Philip Low discusses Musk at length (via bsky). Snopes discusses Low.

Musk is not a Nazi; they believe in a master race. Low suggests that Musk believes in a master race of one — Musk himself.
posted by zaixfeep at 11:04 AM on February 2 [1 favorite]


Guys I cannot talk enough about the other danger of these civil service firings: they are firing or placing on leave people who try to stop them from doing dangerous shit. They put the USAID officials who kept them out of the SCIF on leave.
posted by corb at 11:29 AM on February 2 [25 favorites]


i have no doubt musk is fundamentally a narcissist, but that doesn’t mean he’s not also a white supremacist.
posted by dis_integration at 11:31 AM on February 2 [3 favorites]


via LGM, the Network Coup has started.
posted by torokunai2 at 11:33 AM on February 2 [3 favorites]


I think I'm not understanding who exactly is enforcing law on a Federal level right now. Musk demanding classified information at gunpoint is itself grounds for him to lose his security clearance, if not his liberty. I know that he somehow has a security clearance, despite his known history of abusing drugs, but he has no need to know and he also does not represent any department that exists in real life. If they had surrendered class information to him, they would be in the wrong.
posted by kittens for breakfast at 11:34 AM on February 2 [6 favorites]

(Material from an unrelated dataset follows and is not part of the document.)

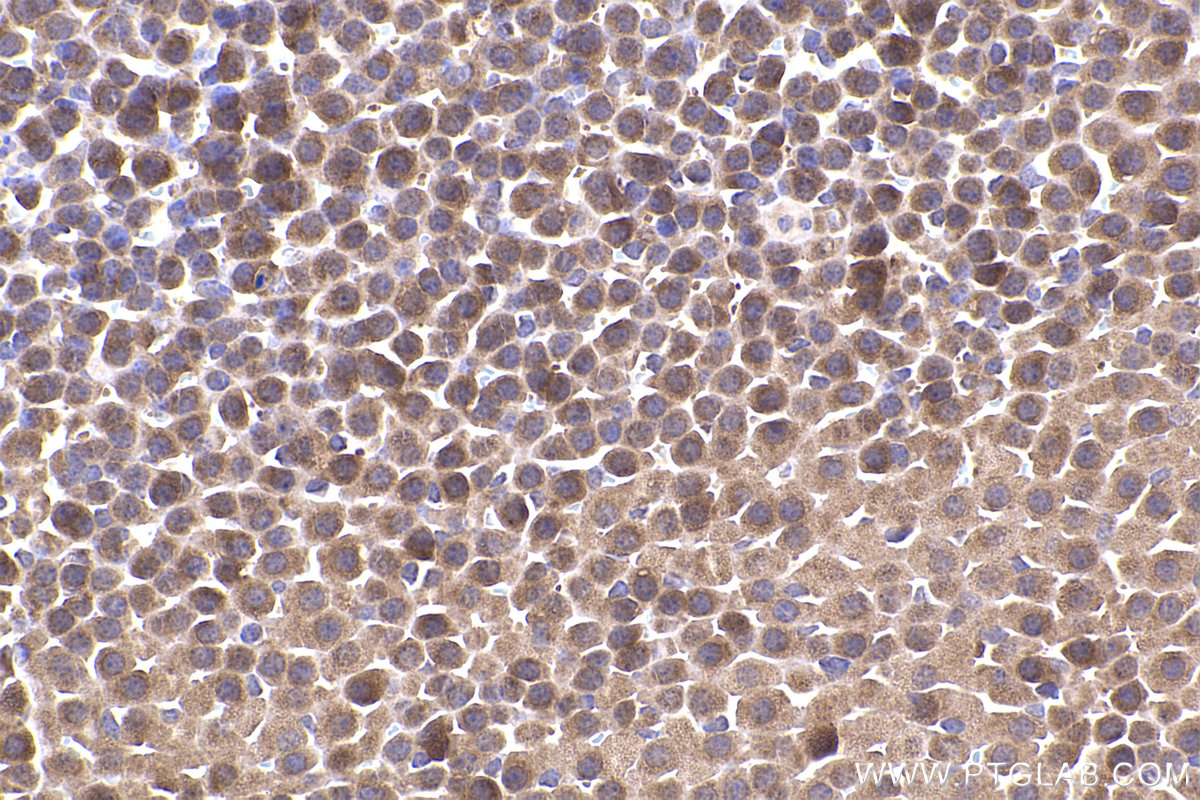 Immunohistochemical analysis of paraffin-embedded mouse adrenal gland tissue slide using KHC2351 (RAB11A/B IHC Kit).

It's also important to recognize this as a union busting measure to follow up on the dismantling of unions as a whole. There is a reason that union jobs have better protections and it is something that has been eroded significantly.

Many private sector jobs in the past that had unions and enjoyed benefits such as pensions and that is no longer the case in many many circumstances. Workers rights are a huge issue for this country, and dismantling one of the few examples of what it looks like when it works well is not good for anyone who is currently employed anywhere in the United States.
posted by AlexiaSky at 11:39 AM on February 2 [11 favorites]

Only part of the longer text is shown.